A spotlight has been thrown on the little-known role of Cajun French interpreters during World War II, thanks to local filmmaker Pat Mire’s documentary, “Mon Cher Comarade”.
Mire presented his film to the public at LSU at Eunice’s LeDoux Library Tuesday evening.
Mire’s hour-long documentary, much like Ken Burns’ “The War”, combines first-person interviews of Cajun WW II veterans who served in France with archival footage and narration.
When these veterans were growing up, their native Cajun language was denigrated as an ignorant backwoods dialect, even by the Army.
But when U.S. forces began operations in France, their language skills became vital to the war effort.
Cajun French is very similar to the Provencal, or peasant French dialect spoken at that time.
Savvy German soldiers in occupied France could root out speakers of Quebecois French, but Cajuns were able to pass themselves off as French peasants.
Cajuns were able to work behind enemy lines with the French Resistance, as well as serve as liasons with French informants.
They also acted as translators for their superiors and fellow soldiers.

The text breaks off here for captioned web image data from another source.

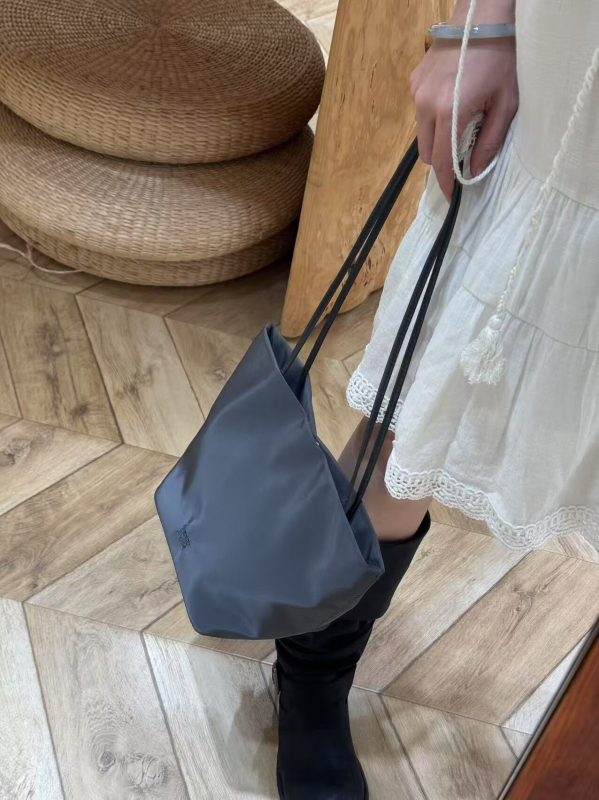 Korejski stil platnena Tote torba, elegantan Oxford materijal, jednostavna torba za rameni, torba majka-kćerka, bucket torba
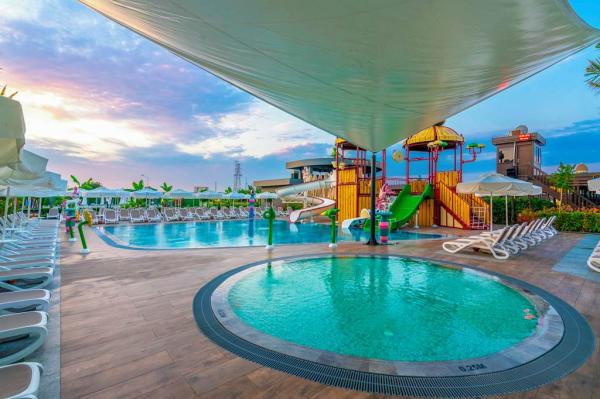 Kirman Calyptus Resort & SPA*****, Side, Turecko 13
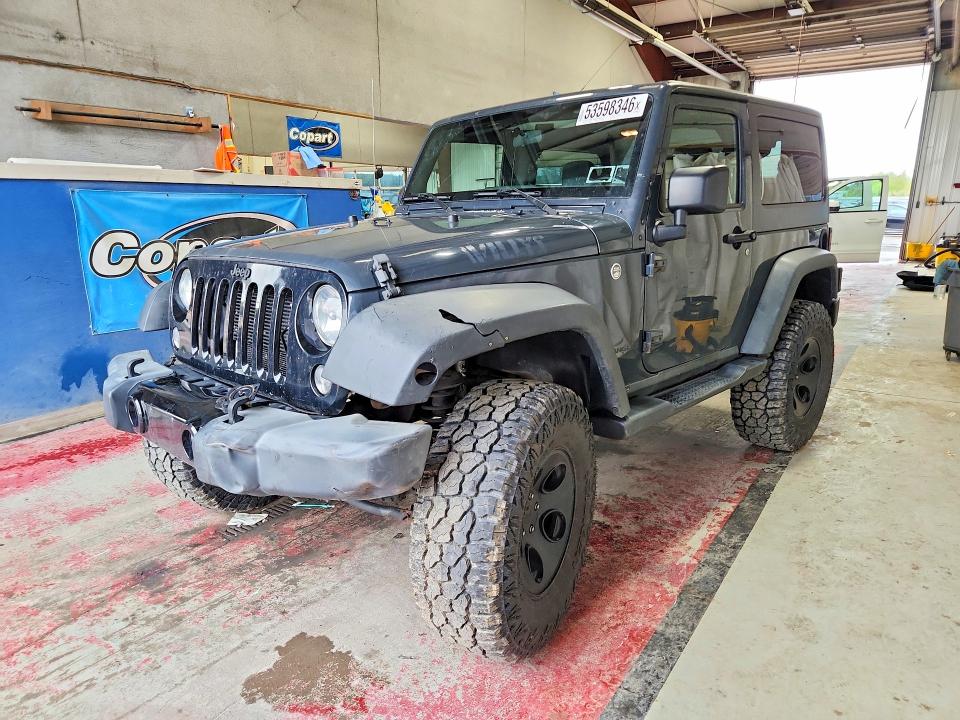 Продажа на аукционе авто 2017 Jeep Wrangler, vin: 1C4AJWAGXHL577113, номер лота: 53598346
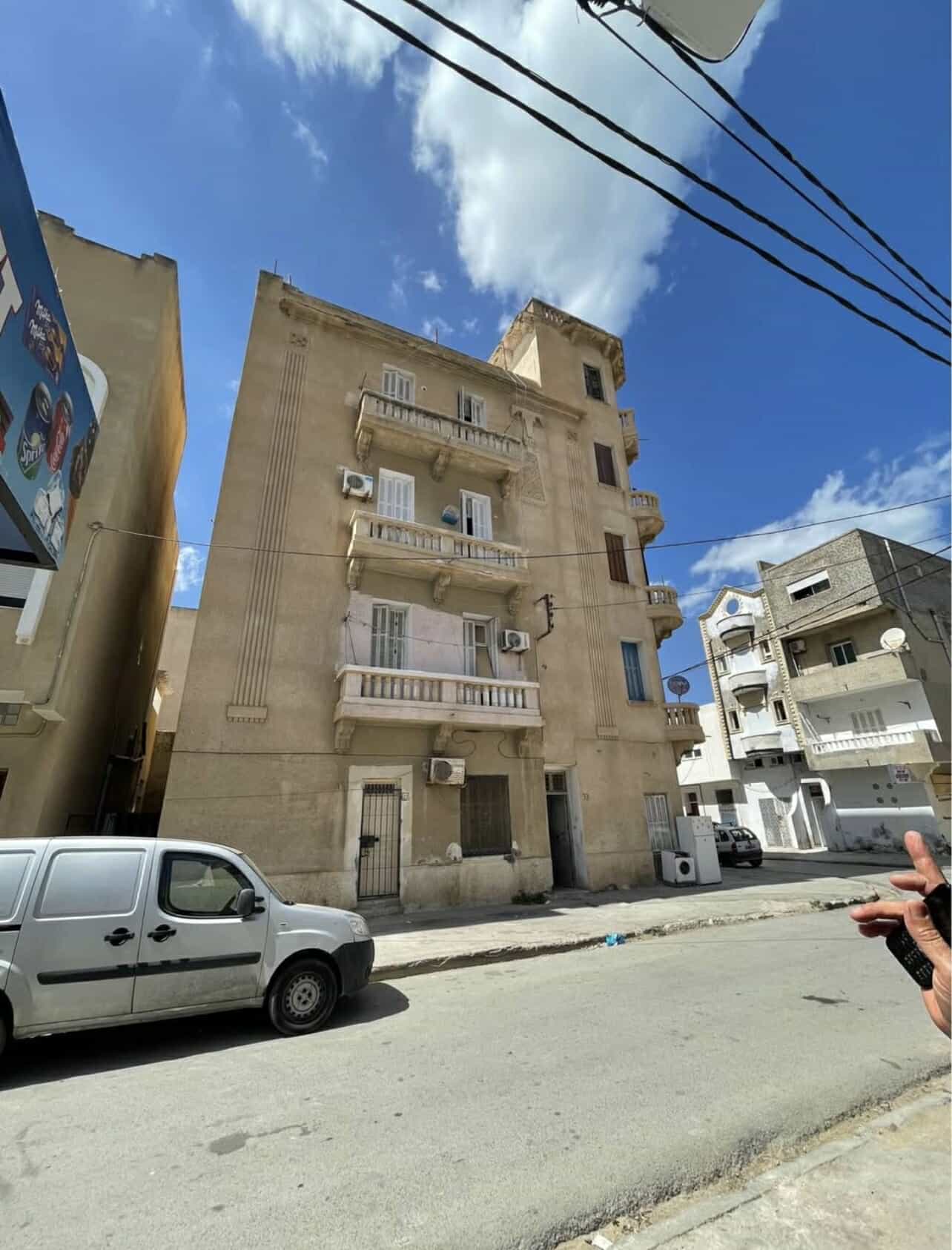 Hammam Lif Hammam Lif Vente Appart. 5 pices+ Immeuble hammam lif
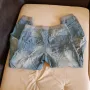 Original Rare CROSSHATCH Forward Thinking Denim Jogger Jeans, снимка 2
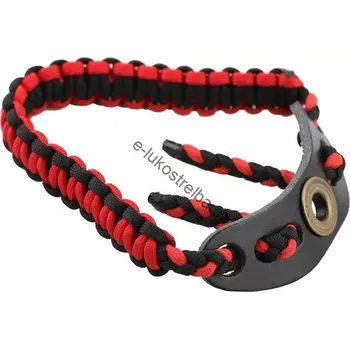 Easton Diamond Deluxe Wrist Sling Red (Poutání luku Easton Diamond Deluxe Wrist Sling Red)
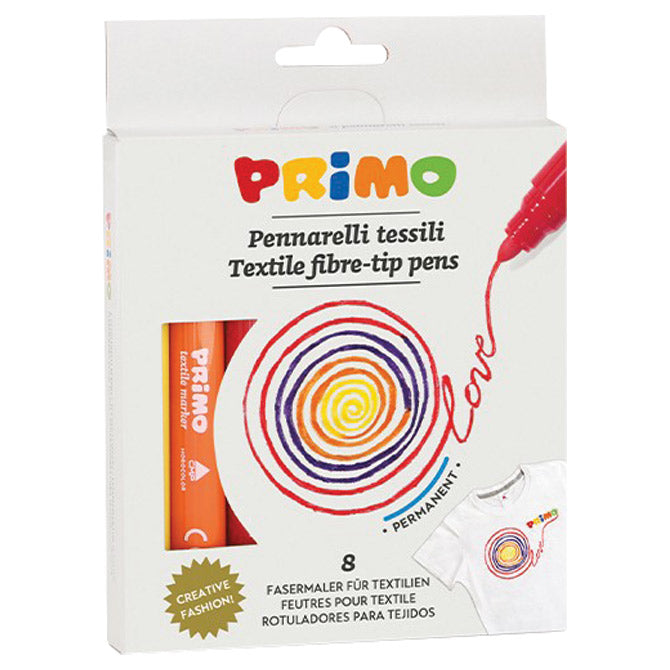 FLUMASTER ZA TEKSTIL 4,1MM 8BARV CMP.611PENTX8 BLISTER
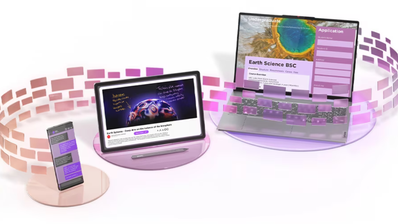 Experiencia Idea Tab Lenovo con vista trasera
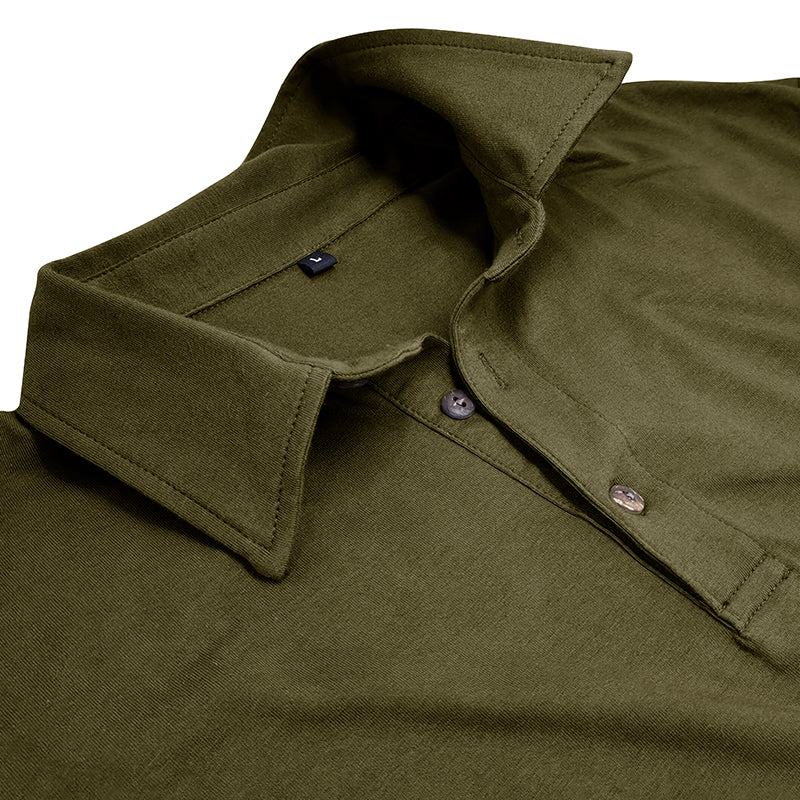 Men’s Long Sleeve Collared Shirt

Following the war, the role of Cajun soldiers in France was almost forgotten, although the television series, “Combat!”, which ran from 1962-1967, featured one Cajun character, PFC Paul “Caje” LeMay.
LeMay, however, was described as “a Cajun from New Orleans”, and was played by a Canadian actor, Pierre Jalbert, adding to the confusion.
Mire was inspired to film the documentary by his father, Felix Mire, who served in France during the war.
Mire, an award-winning filmmaker who counts “Dance for a Chicken” and “Dirty Rice” amongst his credits, began working on the project four years ago, interviewing his father and other veterans, but much of the original film footage was lost due to Hurricane Katrina.
Mire was able to refilm most of the interviews and finish the film, which will air on Louisiana Public Broadcasting on March 4 at 8 p.m.